> Dataset:
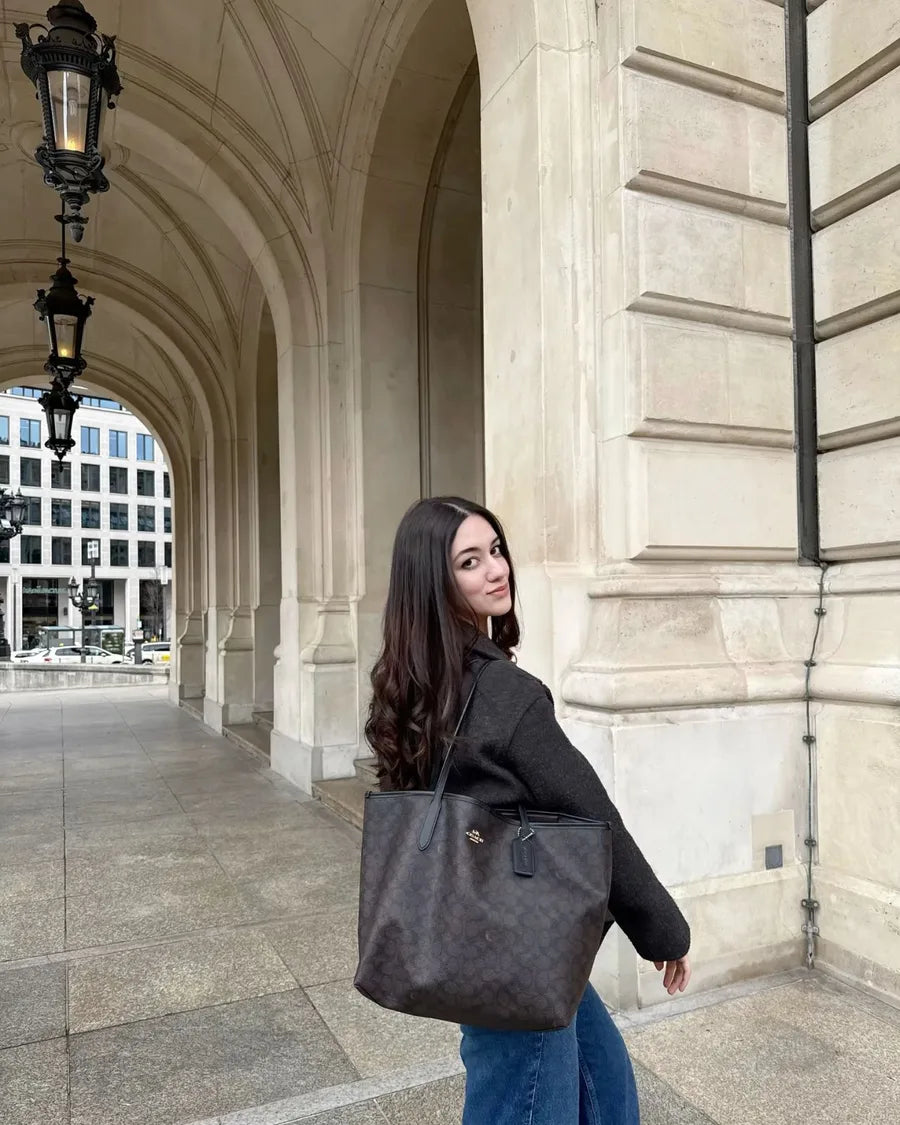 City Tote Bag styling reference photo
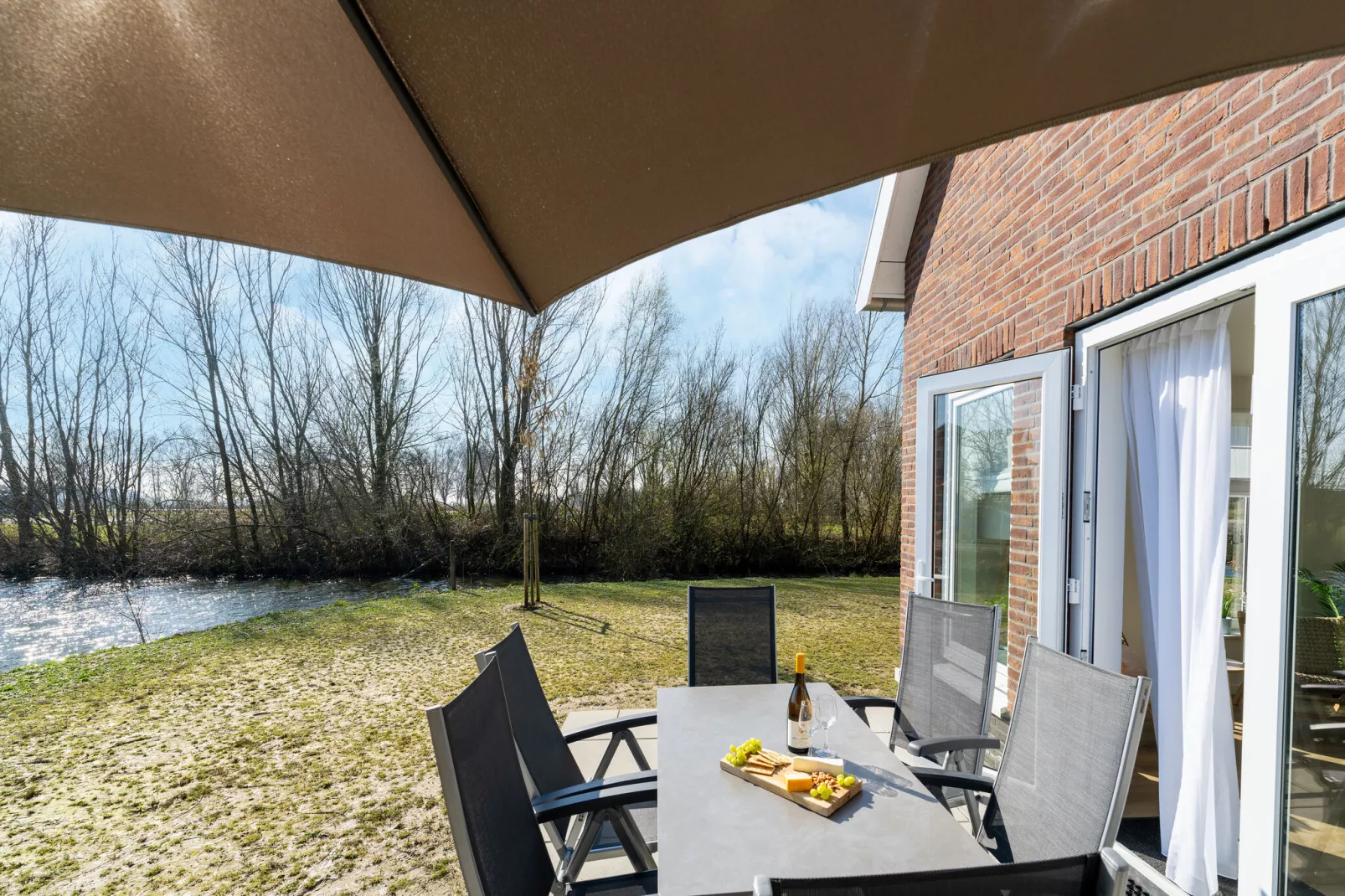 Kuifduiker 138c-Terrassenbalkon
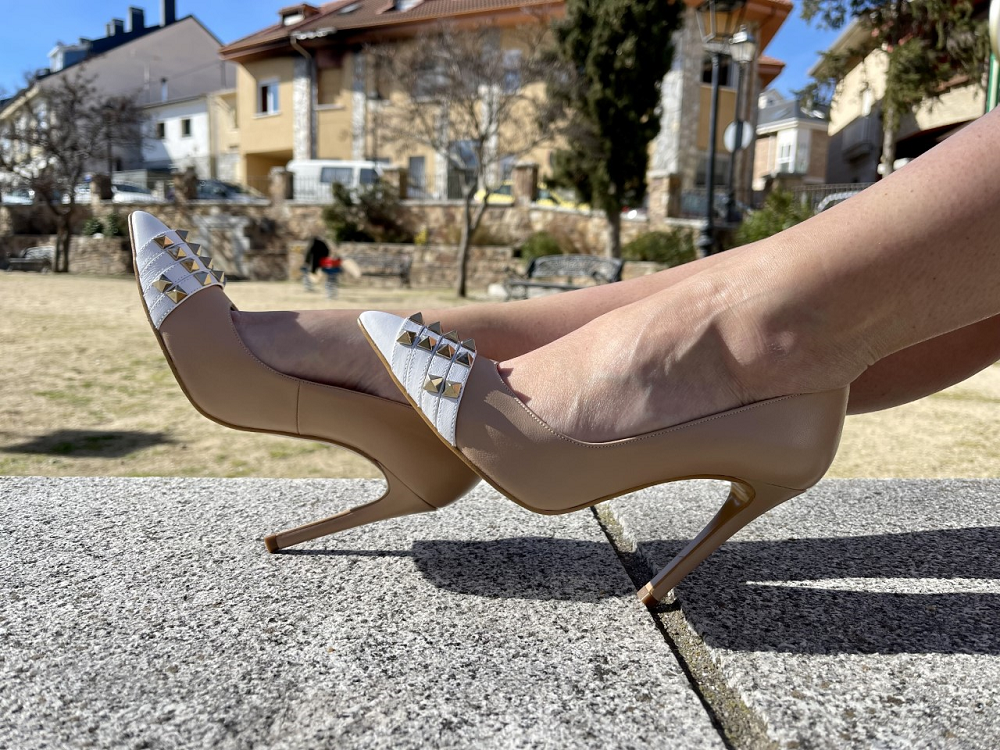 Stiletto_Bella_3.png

...

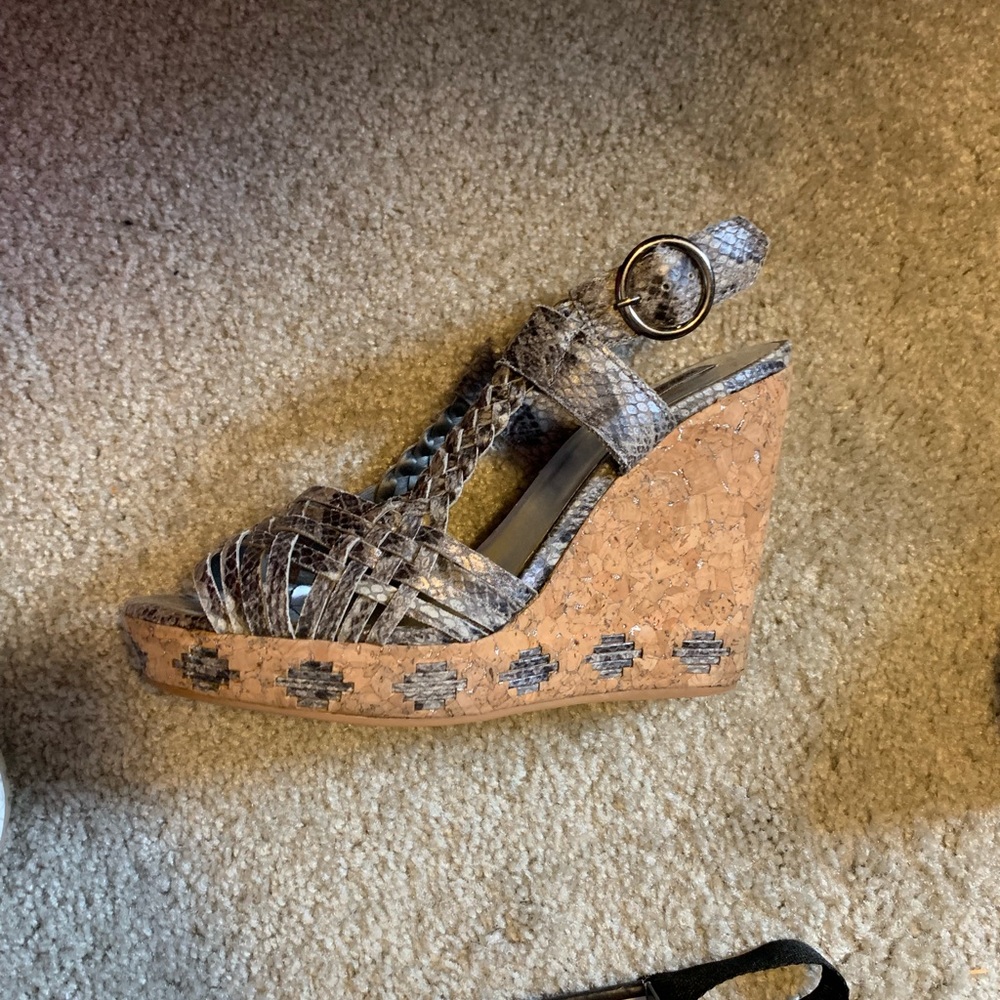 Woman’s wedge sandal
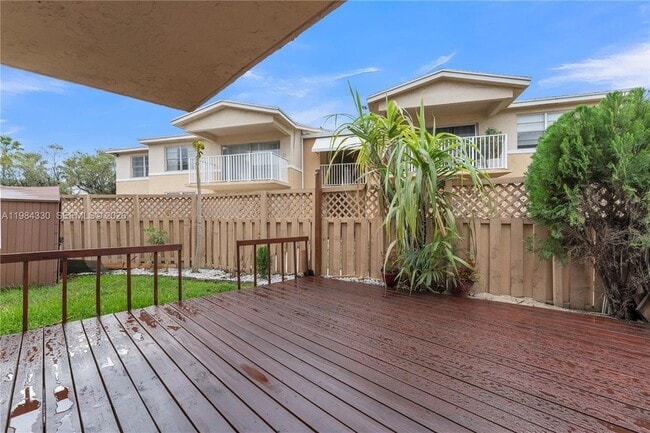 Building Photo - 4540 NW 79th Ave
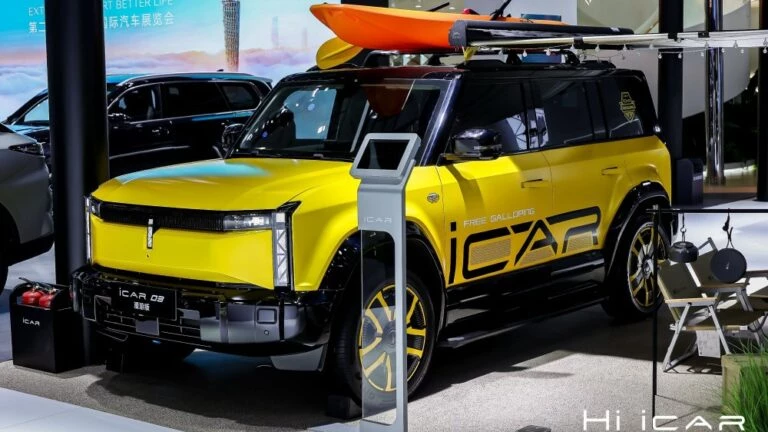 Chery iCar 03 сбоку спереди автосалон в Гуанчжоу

* * *

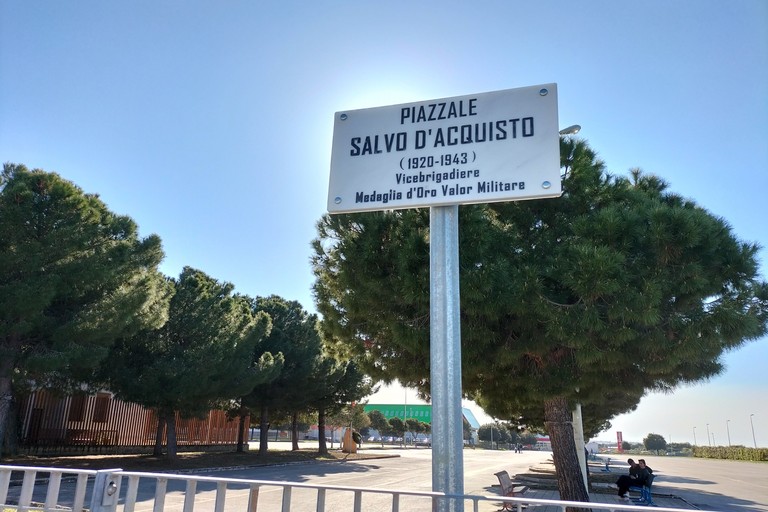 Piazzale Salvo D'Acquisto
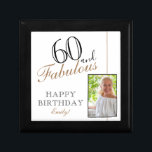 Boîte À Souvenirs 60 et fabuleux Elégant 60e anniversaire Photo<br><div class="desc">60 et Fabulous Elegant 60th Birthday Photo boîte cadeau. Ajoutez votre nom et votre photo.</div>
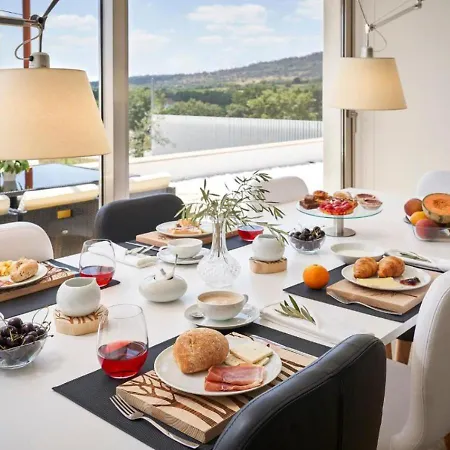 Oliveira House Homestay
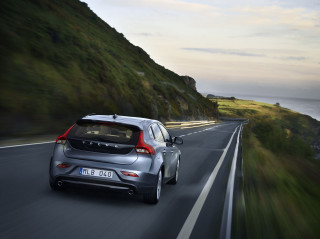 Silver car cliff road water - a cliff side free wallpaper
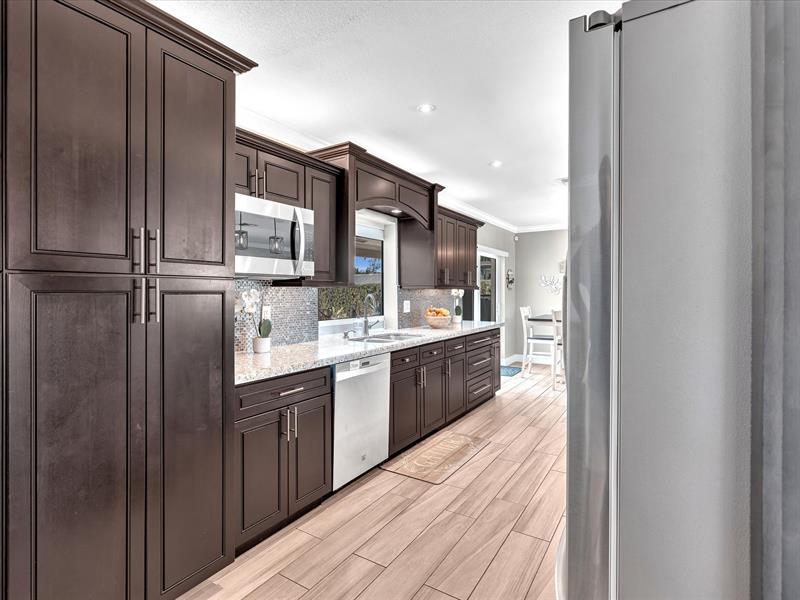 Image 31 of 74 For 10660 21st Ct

> Assignment:
Could the stretch from the line with "City Tote Bag styling reference photo" through the line with "Stiletto_Bella_3.png" in the listing above be restated word for word, minus the pictures?

> Answer to this task:
 City Tote Bag styling reference photo
 Kuifduiker 138c-Terrassenbalkon
 Stiletto_Bella_3.png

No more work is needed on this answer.